Given data ->
##########

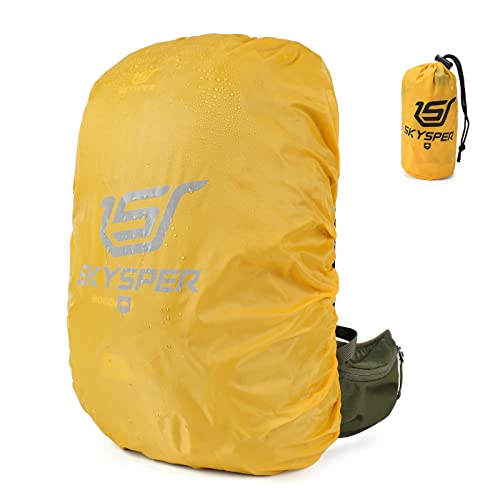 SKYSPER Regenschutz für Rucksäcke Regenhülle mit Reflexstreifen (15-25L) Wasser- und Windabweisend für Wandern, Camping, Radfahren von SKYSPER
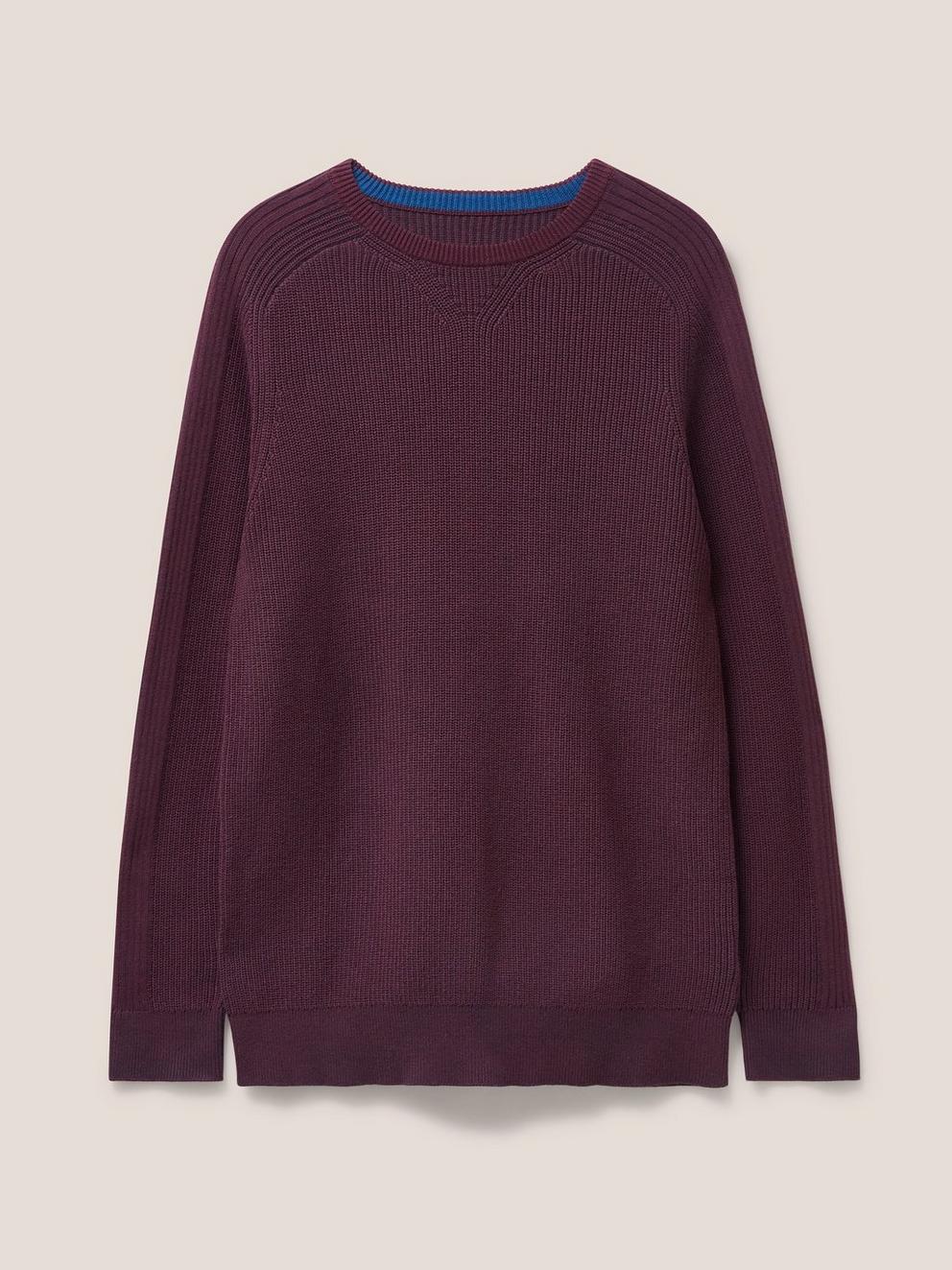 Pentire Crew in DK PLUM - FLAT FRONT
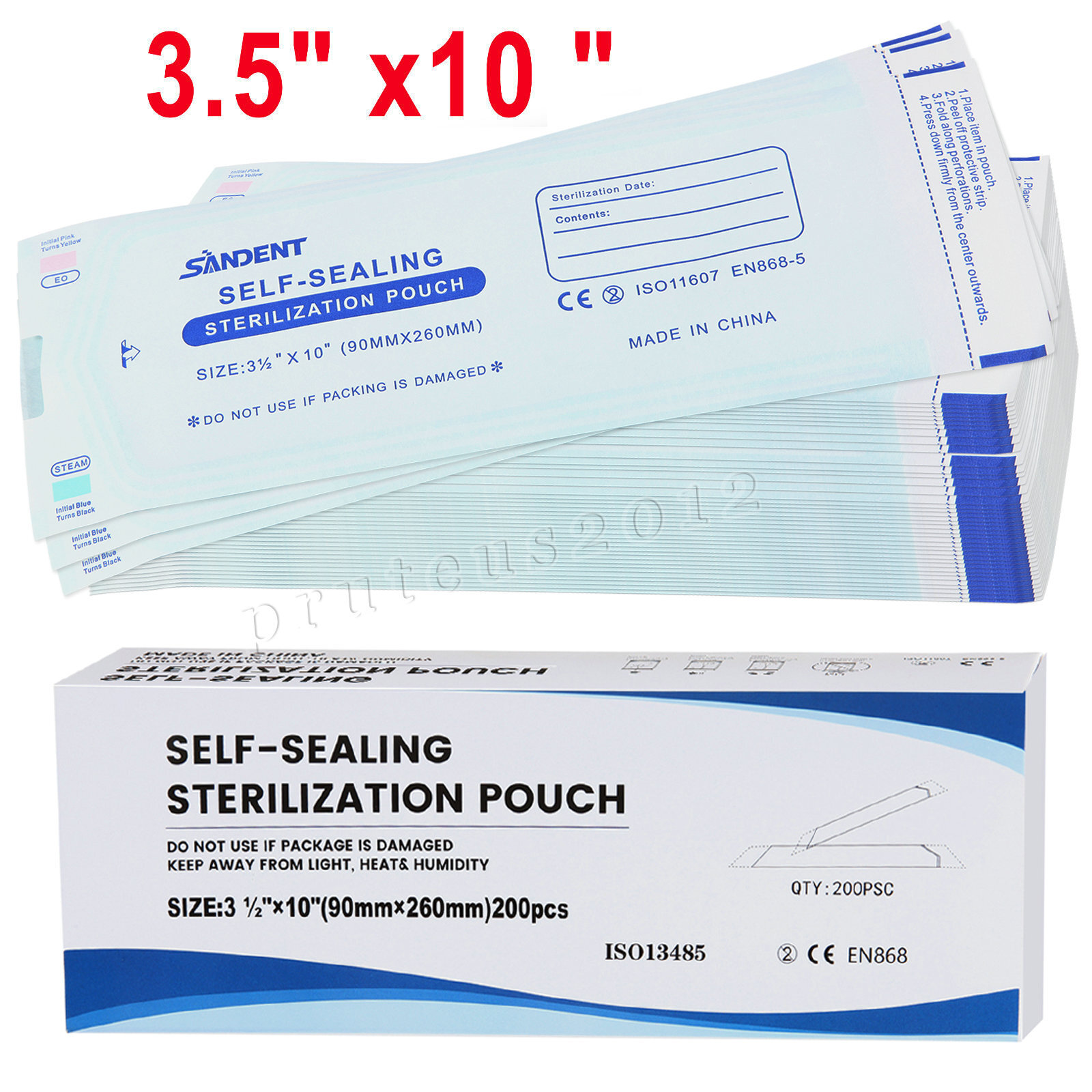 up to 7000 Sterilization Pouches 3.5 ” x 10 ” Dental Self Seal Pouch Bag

##########

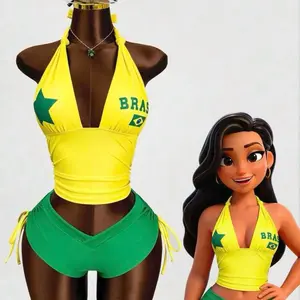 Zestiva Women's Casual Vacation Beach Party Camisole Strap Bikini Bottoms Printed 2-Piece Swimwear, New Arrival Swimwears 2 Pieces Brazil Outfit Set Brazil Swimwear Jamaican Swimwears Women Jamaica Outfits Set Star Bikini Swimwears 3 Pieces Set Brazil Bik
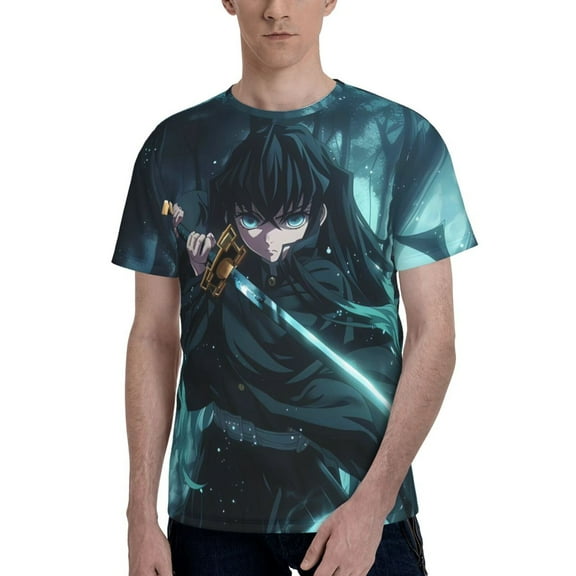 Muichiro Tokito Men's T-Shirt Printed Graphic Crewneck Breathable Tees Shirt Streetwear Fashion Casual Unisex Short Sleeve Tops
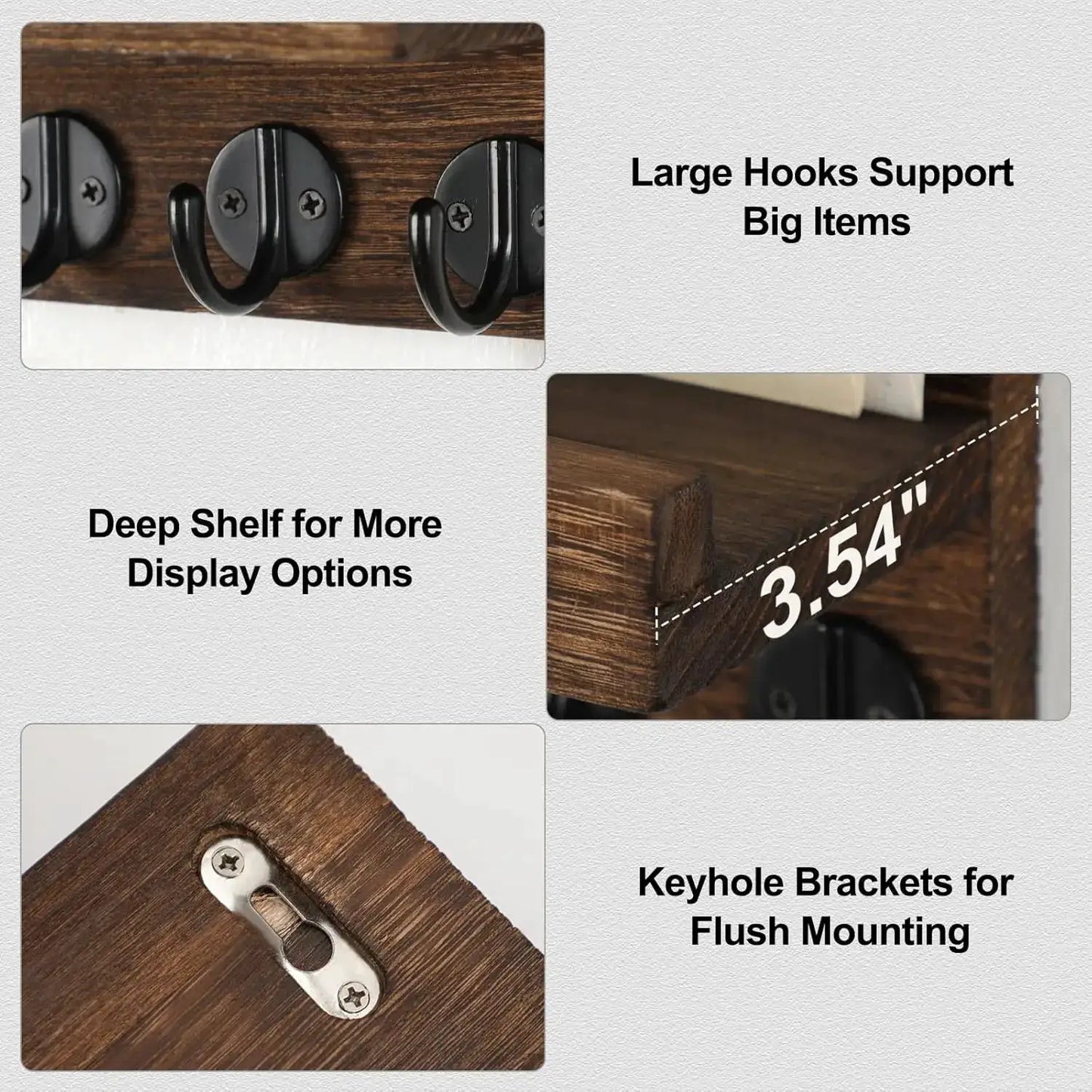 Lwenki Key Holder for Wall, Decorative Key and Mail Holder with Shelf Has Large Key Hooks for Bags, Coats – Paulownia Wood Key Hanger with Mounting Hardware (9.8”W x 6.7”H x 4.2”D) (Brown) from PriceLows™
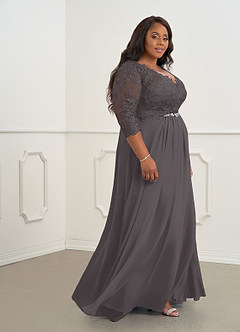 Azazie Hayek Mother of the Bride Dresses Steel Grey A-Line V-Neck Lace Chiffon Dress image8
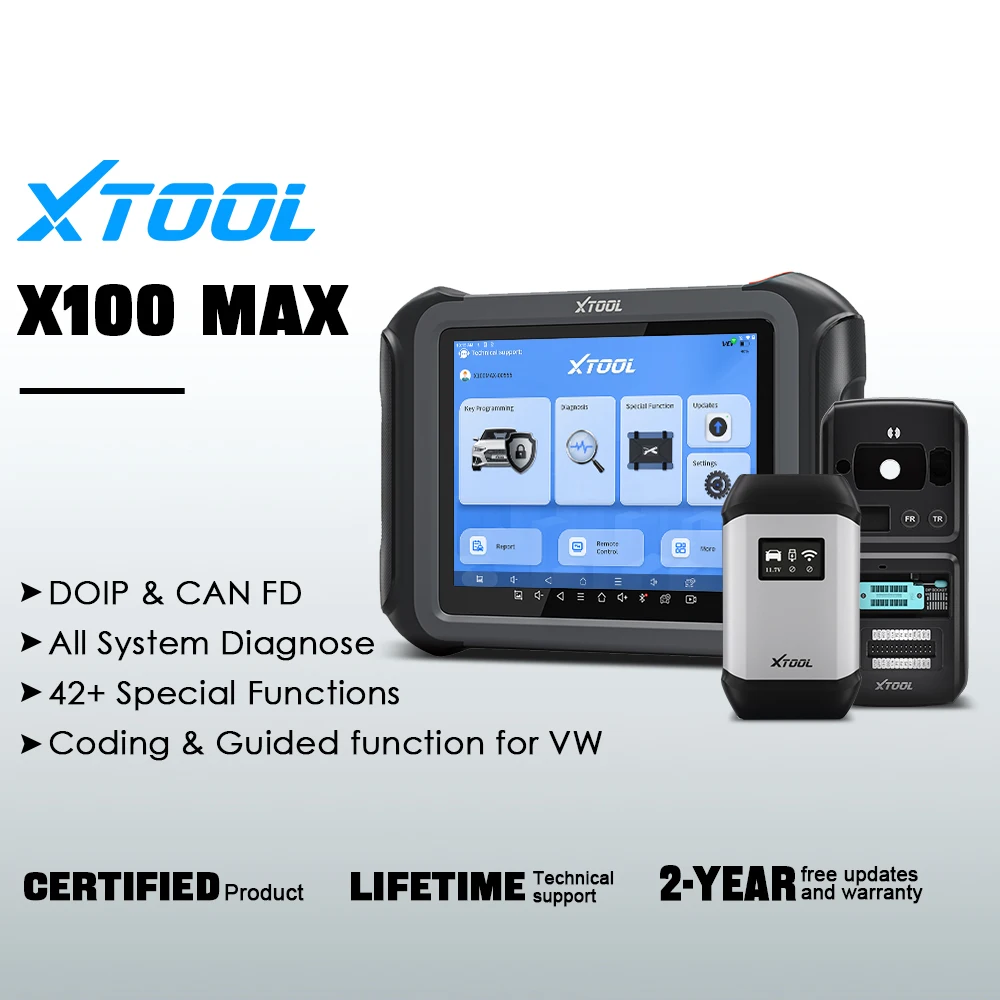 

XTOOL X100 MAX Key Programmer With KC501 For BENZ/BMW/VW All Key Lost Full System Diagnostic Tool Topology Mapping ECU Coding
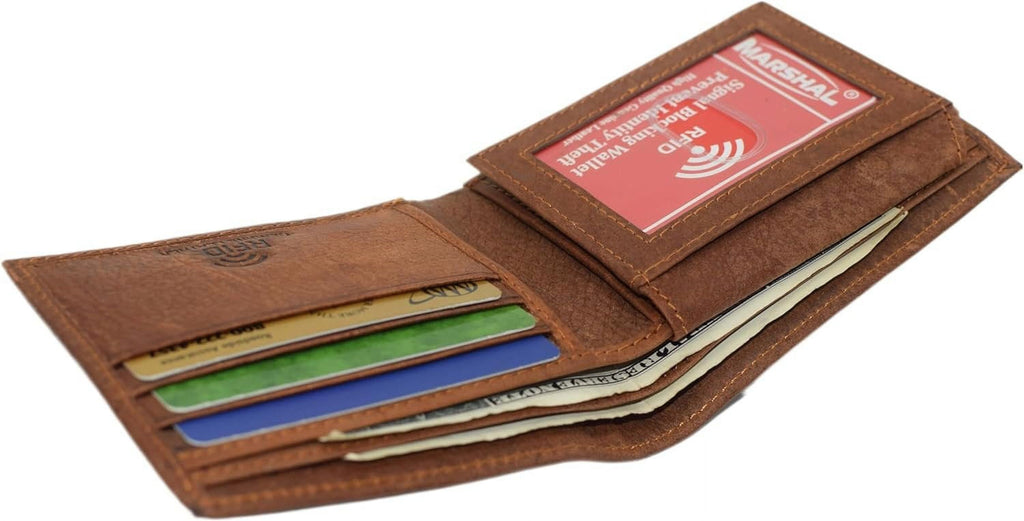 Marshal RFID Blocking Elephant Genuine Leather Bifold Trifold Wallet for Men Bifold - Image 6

##########

The task ->
Write out again exactly the lines above from the one with "Muichiro Tokito Men's" through the one with "Marshal RFID Blocking", adding no other lines and no pictures.

Result of this task ->
 Muichiro Tokito Men's T-Shirt Printed Graphic Crewneck Breathable Tees Shirt Streetwear Fashion Casual Unisex Short Sleeve Tops
 Lwenki Key Holder for Wall, Decorative Key and Mail Holder with Shelf Has Large Key Hooks for Bags, Coats – Paulownia Wood Key Hanger with Mounting Hardware (9.8”W x 6.7”H x 4.2”D) (Brown) from PriceLows™
 Azazie Hayek Mother of the Bride Dresses Steel Grey A-Line V-Neck Lace Chiffon Dress image8

XTOOL X100 MAX Key Programmer With KC501 For BENZ/BMW/VW All Key Lost Full System Diagnostic Tool Topology Mapping ECU Coding
 Marshal RFID Blocking Elephant Genuine Leather Bifold Trifold Wallet for Men Bifold - Image 6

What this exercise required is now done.